Records from a collection:
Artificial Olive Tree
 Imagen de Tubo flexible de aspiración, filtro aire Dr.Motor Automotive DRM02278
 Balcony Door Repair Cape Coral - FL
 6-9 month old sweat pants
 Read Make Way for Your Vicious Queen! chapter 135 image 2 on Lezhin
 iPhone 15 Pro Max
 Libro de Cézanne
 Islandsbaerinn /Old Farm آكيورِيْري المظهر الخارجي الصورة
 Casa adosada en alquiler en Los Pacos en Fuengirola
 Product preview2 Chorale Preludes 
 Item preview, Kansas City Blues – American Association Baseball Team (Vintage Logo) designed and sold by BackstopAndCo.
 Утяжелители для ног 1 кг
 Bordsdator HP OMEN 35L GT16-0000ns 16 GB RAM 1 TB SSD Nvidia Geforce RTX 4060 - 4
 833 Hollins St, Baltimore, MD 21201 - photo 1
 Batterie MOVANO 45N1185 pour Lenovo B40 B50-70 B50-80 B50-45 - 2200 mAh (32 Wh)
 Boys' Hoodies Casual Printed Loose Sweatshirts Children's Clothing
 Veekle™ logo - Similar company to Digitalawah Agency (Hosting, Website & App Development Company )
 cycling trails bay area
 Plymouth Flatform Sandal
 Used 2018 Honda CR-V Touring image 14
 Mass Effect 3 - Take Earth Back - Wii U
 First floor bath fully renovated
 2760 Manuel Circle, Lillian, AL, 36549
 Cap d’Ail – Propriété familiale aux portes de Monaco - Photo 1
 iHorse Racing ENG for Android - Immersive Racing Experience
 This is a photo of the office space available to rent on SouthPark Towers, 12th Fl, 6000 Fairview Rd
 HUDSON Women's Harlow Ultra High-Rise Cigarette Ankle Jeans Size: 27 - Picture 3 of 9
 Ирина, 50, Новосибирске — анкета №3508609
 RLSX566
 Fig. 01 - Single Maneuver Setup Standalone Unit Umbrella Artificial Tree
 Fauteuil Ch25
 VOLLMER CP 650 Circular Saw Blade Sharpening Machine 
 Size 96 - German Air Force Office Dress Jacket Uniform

What to do » Above are some records. Report the number of their lines that include "Artificial", and add nothing else.

Answer below » 2